Il s’agit encore d’une volonté commune entre M. Raouf Laamouri et moi : on a travaillé primo pour rendre effective la gratuité des spectacles en faveur des étudiants tunisiens de toutes les disciplines, il ne fallait surtout pas que l’argent soit un frein pour les petites bourses des étudiants, et secundo, pour organiser cette master class entre les musiciens français et les jeunes étudiants en musique. La rencontre a été magnifique, elle a donné lieu à un échange libre et interactif entre les uns et les autres. Les jeunes ont pu donc jouer quelques minutes de leurs instruments sous l’écoute attentive des maîtres Patrice Fontanarosa et Roland Pidoux, qui ont donné aux étudiants quelques impulsions et des sujets de réflexion de fond pour que ces jeunes puissent progresser. Les mettre en confiance est très important. S’adressant à un jeune violoncelliste, Roland Pidoux a dit : «Tu as une belle base, maintenant pense à améliorer ta gestuelle de cette façon-là». C’est du très fin pilotage qui ressemble à l’orfèvrerie. Les jeunes ont des outils de communication magique entre les mains, à savoir les tablettes et les smartphones, qui peuvent leur servir à évoluer dans leur pratique. Sur les chaînes Youtube, on peut trouver des master class de grands maîtres et suivre les concerts de grands musiciens. Apprendre et  apprivoiser son instrument est un exercice quotidien.

Vous avez prévu d’autres éditions les années à venir de ces séjours musicaux de prestige. Avez-vous déjà commencé à penser au programme du prochain festival ?
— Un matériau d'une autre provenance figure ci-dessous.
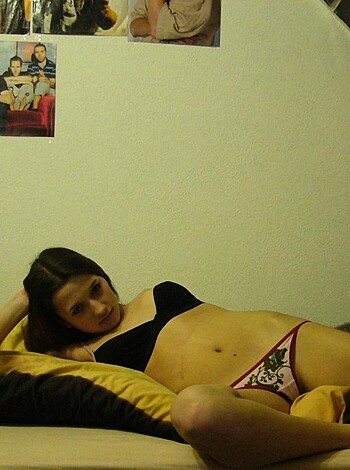 Young gf Becca pose at home - Photo 107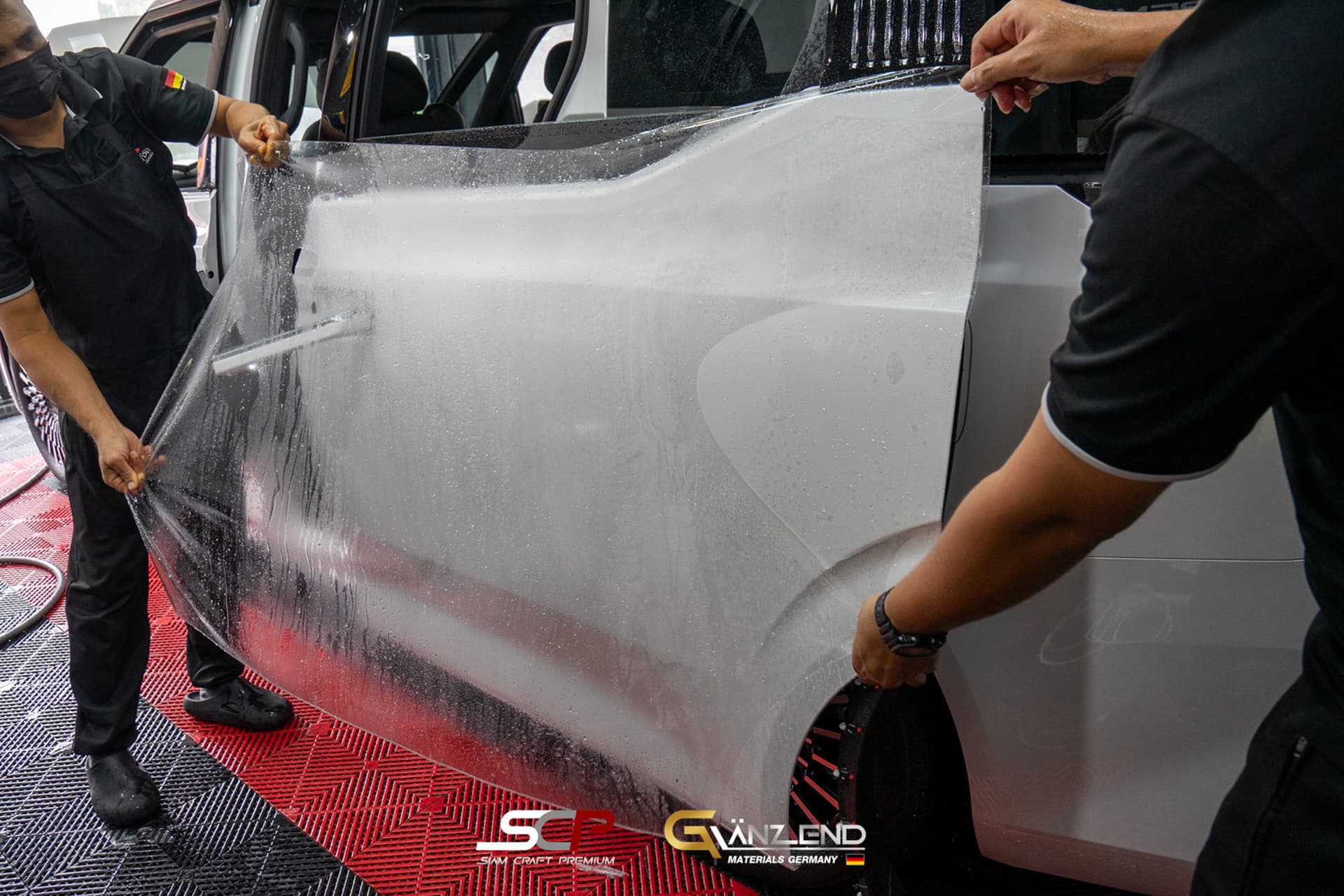 รายละเอียดเนื้อฟิล์ม TPU ที่ใสและเงางาม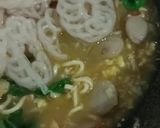 Foto langkah ke 8 dari resep Seblak mie kerupuk sosis telur pakcoy 🥰😂🤣.
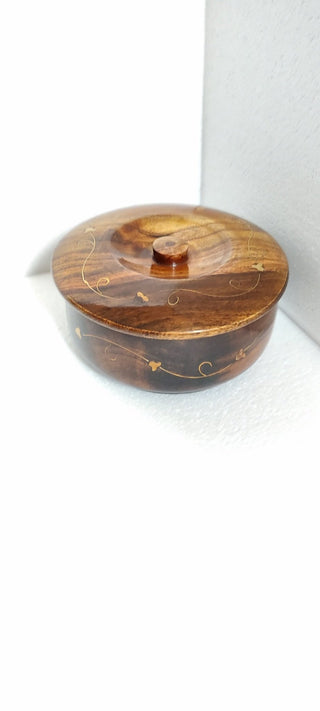 Sasswood Hand crafted table coaster with brass work - Hstrends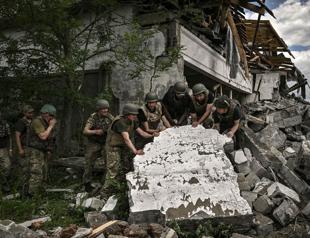 Zelensky hails EU backing as intense shelling hits Donbas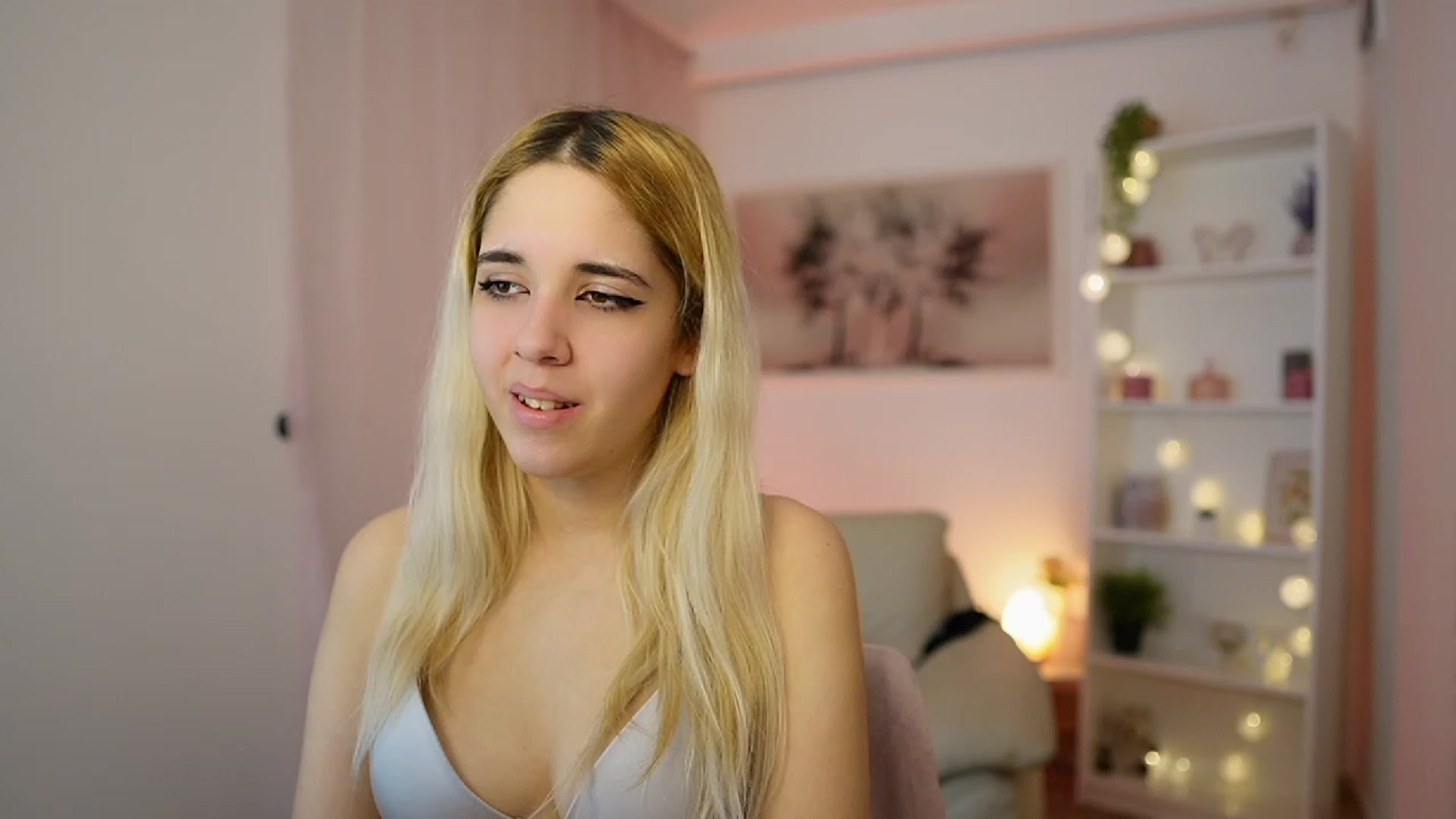 Gallery image thumbnail from Katie_Kush18's myfreecams stream on, 12/21/2023, 13:46 image 13 of 20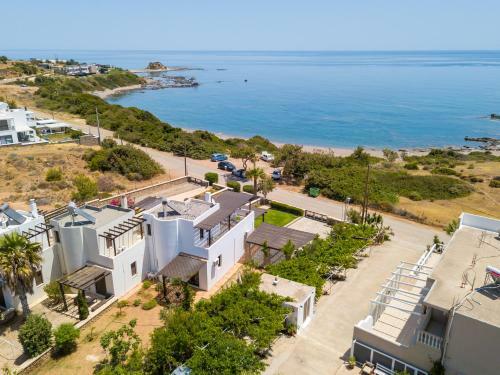 Smaragdi Beachfront Villa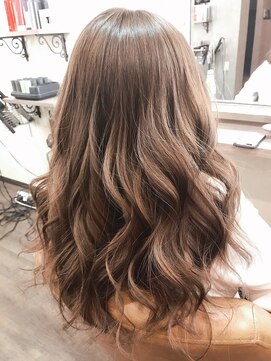 マジックマッシュ(Magic Mush) Wカラーでツヤブラウンベージュ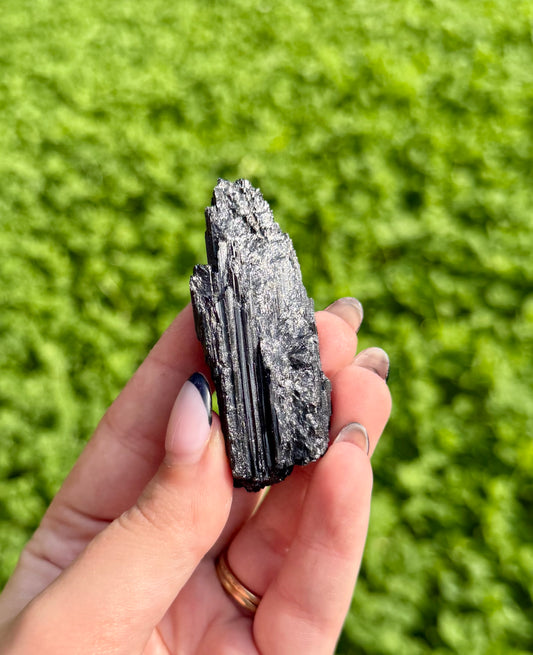 Black tourmaline raw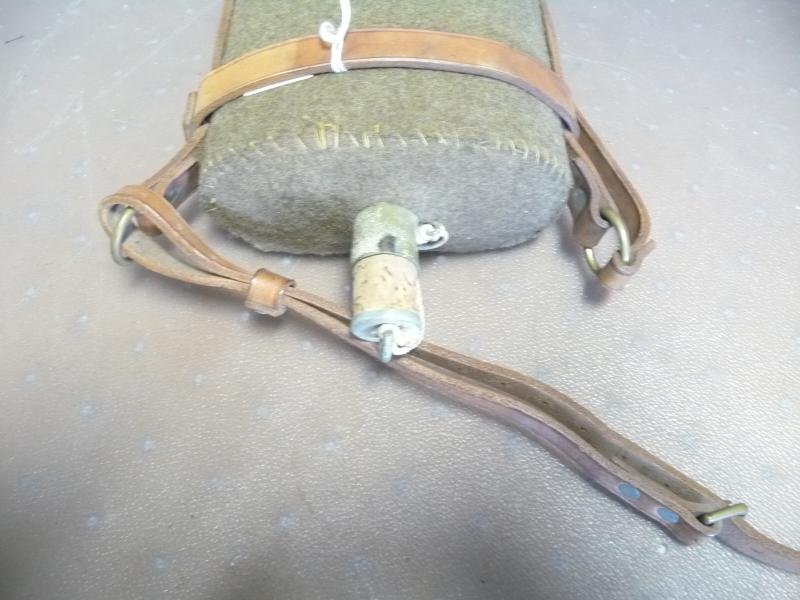 BRITISH WW2 WATERBOTTLE & LEATHER SLING — image 2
En effet. Il faudrait tout d’abord qu’il y ait assez de participants pour qu’on puisse organiser le séjour. Nous allons communiquer, avec l’appui de personnalités politiques notamment, pour démontrer que la Tunisie n’a rien d’un pays où les touristes prennent des risques sécuritaires. Pas plus qu’à Berlin, Londres ou Paris. D’autre part nous avions pour projet pour la deuxième édition de mettre en place un programme avec des instruments différents, des instruments à vent en particulier. Or, figurez-vous que nous doutons parfois de la direction à prendre parce que les participants au public nous disent : «Nous avons tellement envie de retrouver les mêmes sensations et les mêmes artistes parce que nous nous sentons en harmonie avec eux et qu’il ne faut surtout rien changer !».